A recent study by property valuation firm Geoaxis, a luxury holiday home on Santorini with a caldera view, for example, can go today for a price of 10,800 euros per square meter on average, while a regular house or apartment in a less popular part of the island will cost on average just 1,800 euros/sq.m.
A similar disparity is observed on Myconos, where the average price of a luxury villa comes to 12,500 euros/sq.m., compared to 2,160 euros/sq.m. for a conventional property. In fact, the study found a top selling price of 25,270 euros/sq.m. on Myconos and 20,400 euros/sq.m. on Santorini.
On the island of Paros – also a popular destination, although it does not boast the same glamorous reputation as the aforementioned – a luxurious holiday home goes for an average of 7,500 euros/sq.m. against 1,800 euros/sq.m. for a simpler residence.

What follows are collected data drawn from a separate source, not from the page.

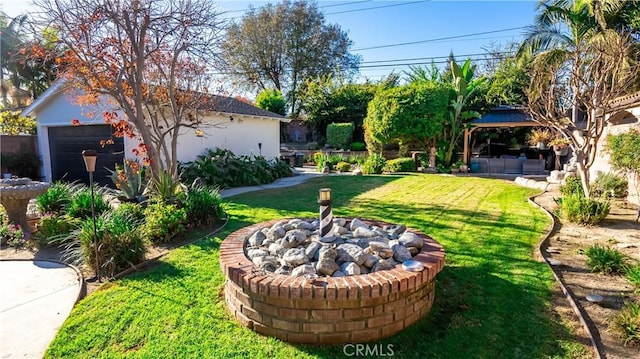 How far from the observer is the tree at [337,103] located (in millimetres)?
24141

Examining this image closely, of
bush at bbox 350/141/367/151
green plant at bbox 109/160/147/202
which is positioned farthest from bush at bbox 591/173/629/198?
bush at bbox 350/141/367/151

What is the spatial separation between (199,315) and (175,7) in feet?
21.2

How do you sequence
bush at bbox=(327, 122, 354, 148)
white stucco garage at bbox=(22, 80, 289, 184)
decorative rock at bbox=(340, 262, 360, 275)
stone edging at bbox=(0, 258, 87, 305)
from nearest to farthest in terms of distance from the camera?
decorative rock at bbox=(340, 262, 360, 275) < stone edging at bbox=(0, 258, 87, 305) < white stucco garage at bbox=(22, 80, 289, 184) < bush at bbox=(327, 122, 354, 148)

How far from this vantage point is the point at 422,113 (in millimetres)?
15594

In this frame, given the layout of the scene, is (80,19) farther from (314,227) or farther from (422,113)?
(422,113)

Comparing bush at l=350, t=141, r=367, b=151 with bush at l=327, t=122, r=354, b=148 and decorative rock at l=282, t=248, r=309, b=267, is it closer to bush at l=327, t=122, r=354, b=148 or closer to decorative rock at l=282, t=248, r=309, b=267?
bush at l=327, t=122, r=354, b=148

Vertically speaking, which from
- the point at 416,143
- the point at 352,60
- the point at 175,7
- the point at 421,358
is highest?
the point at 352,60

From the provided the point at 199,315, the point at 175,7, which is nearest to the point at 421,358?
the point at 199,315

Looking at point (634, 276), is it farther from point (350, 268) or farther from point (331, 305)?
point (331, 305)

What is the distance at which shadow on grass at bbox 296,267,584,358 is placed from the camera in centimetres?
282

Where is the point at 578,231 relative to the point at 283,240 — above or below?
below

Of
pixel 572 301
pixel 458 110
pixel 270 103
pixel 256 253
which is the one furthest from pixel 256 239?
pixel 270 103

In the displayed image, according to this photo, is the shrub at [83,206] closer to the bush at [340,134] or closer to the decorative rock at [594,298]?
the decorative rock at [594,298]

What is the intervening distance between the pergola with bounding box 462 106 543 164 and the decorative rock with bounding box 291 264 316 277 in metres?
15.2
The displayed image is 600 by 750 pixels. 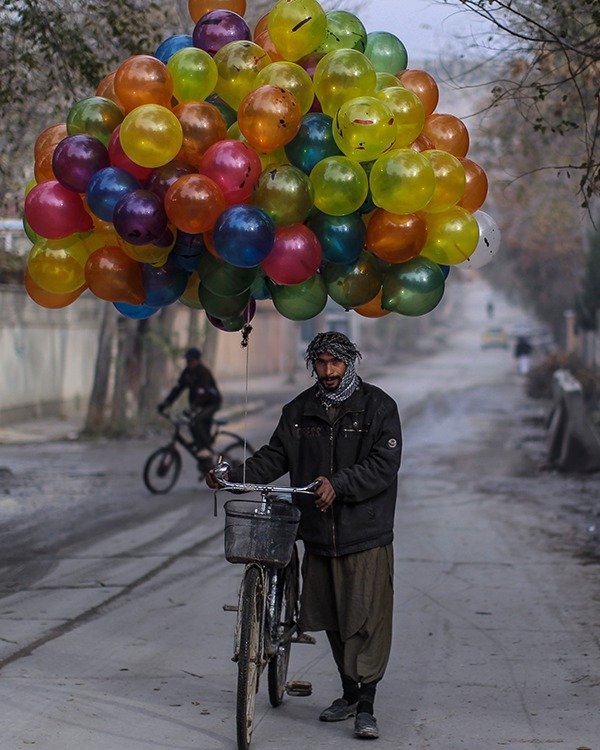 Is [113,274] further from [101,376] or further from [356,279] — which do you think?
[101,376]

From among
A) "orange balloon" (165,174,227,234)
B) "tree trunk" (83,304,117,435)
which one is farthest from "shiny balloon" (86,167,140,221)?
"tree trunk" (83,304,117,435)

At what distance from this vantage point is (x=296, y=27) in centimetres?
635

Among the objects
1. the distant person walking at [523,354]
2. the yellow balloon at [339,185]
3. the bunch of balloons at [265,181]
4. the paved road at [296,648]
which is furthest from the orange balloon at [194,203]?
the distant person walking at [523,354]

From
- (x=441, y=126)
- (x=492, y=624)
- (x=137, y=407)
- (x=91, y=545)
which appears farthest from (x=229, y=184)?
(x=137, y=407)

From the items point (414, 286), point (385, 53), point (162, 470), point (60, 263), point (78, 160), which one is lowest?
point (162, 470)

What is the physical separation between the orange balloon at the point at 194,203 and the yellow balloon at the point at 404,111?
3.05 feet

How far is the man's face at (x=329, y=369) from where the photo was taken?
6203 millimetres

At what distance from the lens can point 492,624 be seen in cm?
866

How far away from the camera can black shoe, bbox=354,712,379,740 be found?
235 inches

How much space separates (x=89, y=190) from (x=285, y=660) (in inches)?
99.8

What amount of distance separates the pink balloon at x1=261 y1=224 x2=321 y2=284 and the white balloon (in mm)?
854

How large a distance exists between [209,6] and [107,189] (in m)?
1.43

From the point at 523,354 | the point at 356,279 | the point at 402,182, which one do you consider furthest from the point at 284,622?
the point at 523,354

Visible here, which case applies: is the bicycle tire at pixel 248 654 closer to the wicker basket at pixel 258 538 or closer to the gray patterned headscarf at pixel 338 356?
the wicker basket at pixel 258 538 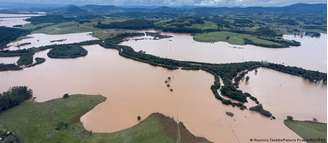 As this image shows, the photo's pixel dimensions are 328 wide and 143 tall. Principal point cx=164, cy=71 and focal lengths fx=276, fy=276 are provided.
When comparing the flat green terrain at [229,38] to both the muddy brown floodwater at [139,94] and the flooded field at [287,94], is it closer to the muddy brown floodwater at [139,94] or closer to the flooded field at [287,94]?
the flooded field at [287,94]

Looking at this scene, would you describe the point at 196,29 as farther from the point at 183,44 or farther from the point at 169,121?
the point at 169,121

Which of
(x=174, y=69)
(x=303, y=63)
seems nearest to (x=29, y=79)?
(x=174, y=69)

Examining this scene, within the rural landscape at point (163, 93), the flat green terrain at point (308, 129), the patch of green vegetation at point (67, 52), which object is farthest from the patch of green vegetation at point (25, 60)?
the flat green terrain at point (308, 129)

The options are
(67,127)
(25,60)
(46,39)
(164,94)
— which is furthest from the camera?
(46,39)

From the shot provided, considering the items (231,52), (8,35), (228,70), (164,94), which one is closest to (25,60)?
(8,35)

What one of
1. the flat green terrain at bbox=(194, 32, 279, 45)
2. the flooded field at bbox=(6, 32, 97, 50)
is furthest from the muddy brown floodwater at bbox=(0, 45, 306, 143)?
the flat green terrain at bbox=(194, 32, 279, 45)

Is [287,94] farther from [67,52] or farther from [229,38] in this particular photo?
[67,52] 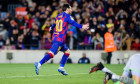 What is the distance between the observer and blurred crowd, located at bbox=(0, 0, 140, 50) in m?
22.6

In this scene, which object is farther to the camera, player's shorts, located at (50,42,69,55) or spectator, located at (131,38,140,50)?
spectator, located at (131,38,140,50)

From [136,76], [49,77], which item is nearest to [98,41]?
[49,77]

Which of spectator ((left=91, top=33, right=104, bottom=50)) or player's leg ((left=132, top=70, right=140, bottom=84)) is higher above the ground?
player's leg ((left=132, top=70, right=140, bottom=84))

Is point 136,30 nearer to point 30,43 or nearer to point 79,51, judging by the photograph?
point 79,51

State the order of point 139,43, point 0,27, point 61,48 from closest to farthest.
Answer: point 61,48 < point 139,43 < point 0,27

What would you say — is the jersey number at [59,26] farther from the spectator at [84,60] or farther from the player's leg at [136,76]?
the spectator at [84,60]

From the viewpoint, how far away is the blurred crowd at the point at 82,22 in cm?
2261

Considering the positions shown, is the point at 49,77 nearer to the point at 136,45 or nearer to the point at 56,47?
the point at 56,47

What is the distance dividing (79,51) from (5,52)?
14.6 ft

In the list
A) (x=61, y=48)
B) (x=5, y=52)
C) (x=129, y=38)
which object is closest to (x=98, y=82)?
(x=61, y=48)

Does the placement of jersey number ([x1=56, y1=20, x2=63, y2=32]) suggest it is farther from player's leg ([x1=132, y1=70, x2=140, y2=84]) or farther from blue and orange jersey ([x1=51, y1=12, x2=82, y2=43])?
player's leg ([x1=132, y1=70, x2=140, y2=84])

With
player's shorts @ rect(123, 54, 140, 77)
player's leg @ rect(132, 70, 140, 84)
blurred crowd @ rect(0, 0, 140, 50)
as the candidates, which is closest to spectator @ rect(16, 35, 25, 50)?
blurred crowd @ rect(0, 0, 140, 50)

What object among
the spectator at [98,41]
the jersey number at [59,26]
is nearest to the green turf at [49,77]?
the jersey number at [59,26]

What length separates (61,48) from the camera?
12.8 meters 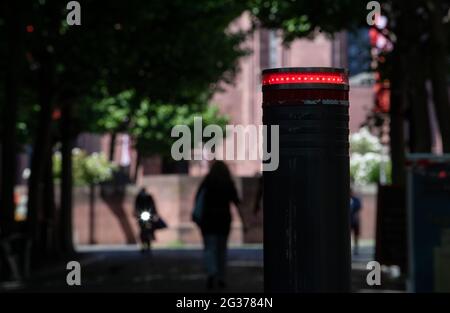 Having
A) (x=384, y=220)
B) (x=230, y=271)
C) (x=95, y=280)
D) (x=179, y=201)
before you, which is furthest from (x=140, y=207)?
(x=179, y=201)

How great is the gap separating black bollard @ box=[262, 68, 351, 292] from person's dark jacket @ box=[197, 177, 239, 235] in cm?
1103

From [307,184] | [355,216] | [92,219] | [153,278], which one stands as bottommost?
[153,278]

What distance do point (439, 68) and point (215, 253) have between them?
4555 mm

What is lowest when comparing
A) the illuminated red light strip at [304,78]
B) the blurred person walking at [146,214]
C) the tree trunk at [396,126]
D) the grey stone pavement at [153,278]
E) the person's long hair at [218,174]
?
the grey stone pavement at [153,278]

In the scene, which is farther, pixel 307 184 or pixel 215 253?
pixel 215 253

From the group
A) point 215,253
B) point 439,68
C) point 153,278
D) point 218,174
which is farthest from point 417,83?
point 153,278

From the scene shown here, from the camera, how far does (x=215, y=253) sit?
16406mm

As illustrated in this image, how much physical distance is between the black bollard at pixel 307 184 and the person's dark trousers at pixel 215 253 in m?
11.4

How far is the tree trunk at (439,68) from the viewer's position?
17031 millimetres

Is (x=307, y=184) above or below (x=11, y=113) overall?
below

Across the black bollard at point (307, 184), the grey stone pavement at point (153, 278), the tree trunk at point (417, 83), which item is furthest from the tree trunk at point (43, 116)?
the black bollard at point (307, 184)

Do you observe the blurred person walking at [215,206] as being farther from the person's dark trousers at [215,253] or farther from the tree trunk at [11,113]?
the tree trunk at [11,113]

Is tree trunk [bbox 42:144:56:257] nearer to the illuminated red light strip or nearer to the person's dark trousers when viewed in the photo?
the person's dark trousers

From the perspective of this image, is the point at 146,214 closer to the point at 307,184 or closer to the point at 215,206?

“We estimate that the luxury residence market represents around 10-15 percent of the total pie for holiday homes and is of interest mainly to buyers from outside Greece who are looking for special properties and are ready to pay the extra compared to a regular house,” says Geoaxis head Yiannis Xylas.
It is also worth noting that luxury properties have experienced a smaller drop in value compared with other holiday homes over the course of the crisis. Meanwhile, interest from abroad in luxury holiday homes in Greece is on the rise, as potential buyers who were once interested in purchasing a property in Turkey are now becoming more interested in Greece following the recent unrest in the neighboring country.
Meanwhile, the overall holiday home market in the Cyclades islands posted a drop in value of 2.1 percent in the first half of the year compared with the same period in 2015. Geoaxis data indicate this is the 11th consecutive half of sliding prices, with analysts estimating the trend will continue through the rest of 2016. They add that the pace of contraction could be contained if Greece remains politically and economically stable, something that would also be of benefit to the property market in general.